Павел не собирался обманывать эту страстную женщину, которая с таким бесстыдством повисла у него на шее, если она решится вернуться к отцу. И все же он предпочел бы, чтобы этого не случилось и она позволила бы ему уехать в Россию одному, без жены. Таковы вдовцы.
Поэтому Исакович ехал к Божичу, гонимый не столько силой своей любви, сколько желанием не прослыть трусом. Ибо все эти офицеры пограничной сербской милиции, хоть сейчас и разоделись, как кирасиры, в венгерские сапожки, лосины, голубые прусские мундиры и французские треуголки, в душе остались такими же, какими были еще недавно в Поцерье или Црна-Баре.
Нельзя было прослыть трусом.
Они еще распевали песни о том, как деспот Бакич и вице-дуктор Монастерлия дрались с турками перед своими войсками{11}. И каждый, даже самый недалекий гусар в эскадроне Юрата, счел бы для себя величайшей обидой, если бы ему сказали, что он не смог бы стать Милошем{12}.
И хотя они не придавали значения этой красивой фразе, они, грустно и протяжно завывая, не раз повторяли ее: «Играйте, гусли, за упокой души Милоша!» И никто из них не допускал мысли, что не сумел бы быть достойным Милоша.
Но это не значило, что Исакович ехал к Божичу искать ссоры.
Напротив, мысленно он вдруг очутился в зарослях жасмина, освещенного лунным сиянием. Вспомнил Теклу, дочь Божича, которая со временем становилась ему все милее. Услышав внезапно за собой ее смех, он оглянулся. Разумеется, позади никого не было, лишь вдали ехал другой экипаж.
Лошади свернули наконец в каштановую аллею, и Агагияниян сказал, что они прибыли.
Божич говорил, что купил этот дом в Леопольдштадте для своей жены, но, как утверждал Агагияниян, он принадлежал де Ронкали, ветеринару графа Парри, у майора с ним какие-то секретные и, видимо, грязные делишки.

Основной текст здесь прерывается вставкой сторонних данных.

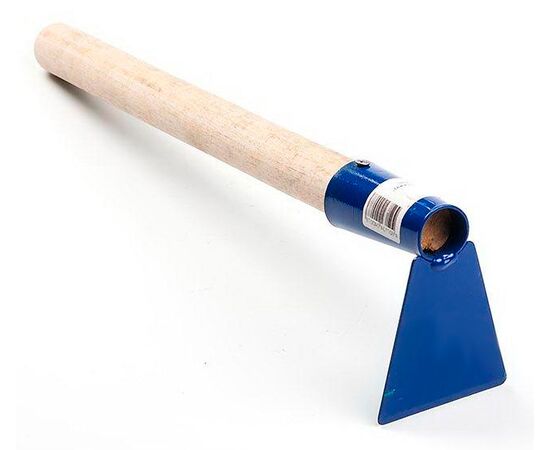 Мотыжка широкое лезвие деревянная ручка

В глубине темной и среди бела дня каштановой аллеи стоял освещенный дом, на нем гроздьями висели фонари.
За домом открывался вид на Дунай, струившаяся у подножия горы вода мерцала, словно под лунным светом. Вдали, на противоположном берегу, раскинулись холмы, утопающие в темной зелени лесов.
Исаковичу показалось, что там уже дождь.
Над Леопольдштадтом пока было светло, последние солнечные лучи еще освещали его, точно стрелы со сверкающими на концах дождевыми каплями.

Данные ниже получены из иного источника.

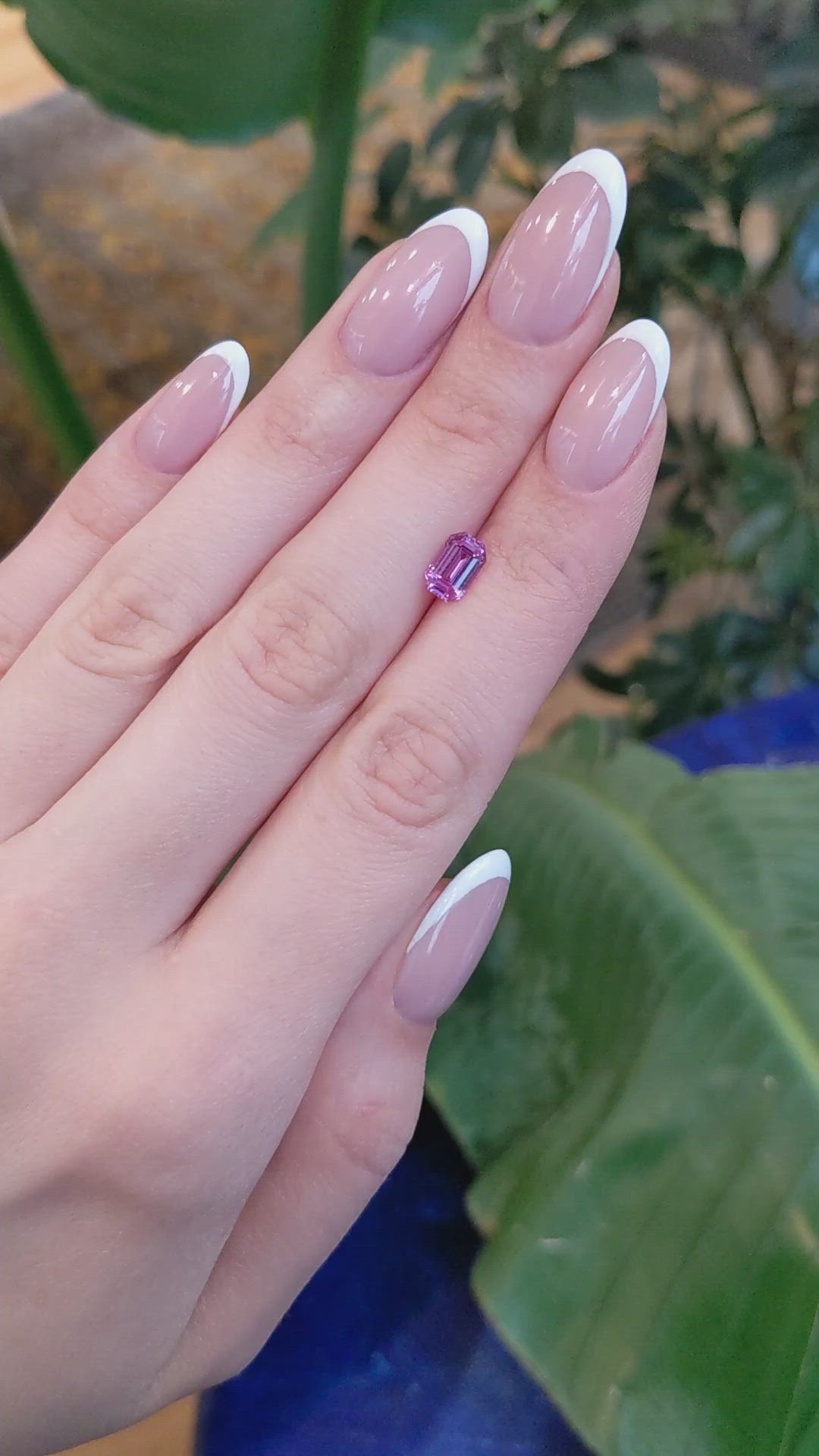 1.50 Ct. Pink Sapphire from Madagascar Size Video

Когда они остановились перед домом Божича, солнце еще пробивалось сквозь набегающие темные тучи.
— Вот мы и прибыли, — сказал Агагияниян. — Мне велено, не заходя, катить к Волкову. Он куда-то собирается. А потом заеду за вами. Так мне было приказано.
Павел, сжимая саблю и придерживая накинутый на плечи плащ, зашагал к дому. Он казался вымершим, словно в нем сидели арестанты. Однако стоило ему подойти к воротам, как все внезапно ожило, — обросшая дикими розами калитка отворилась, и к Павлу выбежали гусары Божича.

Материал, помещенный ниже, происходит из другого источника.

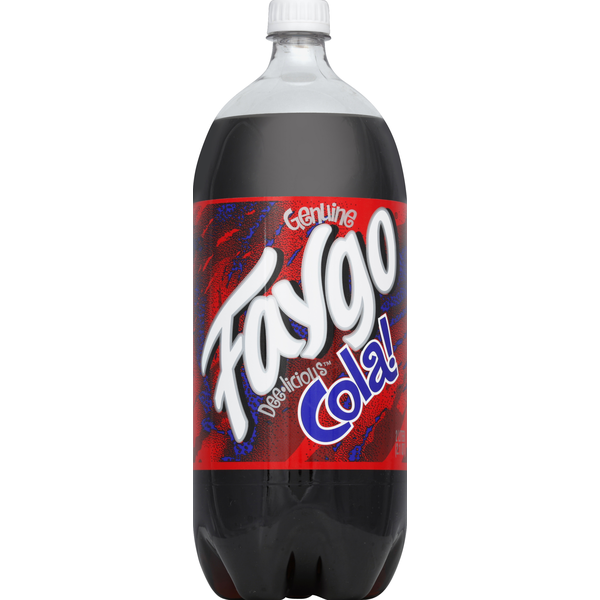 Soft Drinks Faygo Cola hero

Павел пригнулся, чтобы не удариться головой о притолоку.
Отворивший калитку гусар сказал, что его ждут. Павлу случайно бросилась в глаза рука гусара — волосатая, огромная, хищная, узловатая. «Рука убийцы», — подумал он.
Запомнилась и физиономия — толстомордая, с оттопыренными ушами, маленькими черными, поросячьими глазками и обрюзгшими жирными щеками. Гусар был гораздо ниже Павла, и он обратил внимание на его голую, покрытую струпьями голову.
Другой гусар встретил Павла в дверях дома и повел его наверх по роскошной деревянной лестнице. Исакович вспомнил, что о Божиче говорят как об одном из самых богатых сербских офицеров.
В доме царили полумрак и приятная прохлада.
Гусар проводил его на второй этаж в просторную комнату, почти залу. Она была освещена лишь одним канделябром с пятью свечами, железный балкон выходил в сад, оттуда доносился запах цветов.
Капитана попросили присесть и подождать. Предложили стул, обитый шелком с вышитыми розами, на которые и надо было сесть. Таких стульев он еще никогда не видел. Павел заметил еще, что ножки у них были изогнутые.
Все это показалось ему непонятным, глупым и никчемным.
И уж слишком церемонным. Так его нигде не принимали, разве что у Энгельсгофена. И Павел подумал, что Божич совсем откололся от своего народа.